# 94 Audi 100 Help - Oil Pressure Spiking



## FORUM720 (Feb 29, 2004)

what up

so i am a total Audi 100 n00b--first time w/ one, been with VW's/B6's my whole life. although I have found some things that are surprisingly similar to the 2 Mk3's I have owned, lot of this stuff is foreign to me! that being said, any help in this matter would be awesome:

just picked up a 94 100 cs Quattro for $1,200. the thing is gangster. 170k. it is honestly the nicest car I have ever seen for the price--no warning lights, good compression, and everything works perfectly. just a solid car. EXCEPT for the oil pressure.

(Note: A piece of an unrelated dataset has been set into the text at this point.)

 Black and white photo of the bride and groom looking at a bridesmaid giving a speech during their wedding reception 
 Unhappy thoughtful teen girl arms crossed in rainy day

*the oil pressure gauge likes to spike with the throttle when the motor is cold, then when it warms up it just likes to stay up. often times after about 10 minutes the CEL pops on, but then it's off w/ a cold motor. checked the oil level and it is high (as this was my first thought) but could high oil level really be causing this? what about oil pressure relief valve? is this easy to check/fix on 100's? never dealt w/ it b4. any ideas on how to drain some oil from the case w/out pulling the plug? maybe someone just put in an oil w/ too high of a viscosity? seems to be 5/30 tho. Thank you all in advance! i really appreciate it*

p4c:


----------



## FORUM720 (Feb 29, 2004)

oil was 15w/40, so i changed it to 10w/30 for the upcoming winter--new filter and all, oil level is perfect...pressure still peaking w/ throttle. any ideas?!


----------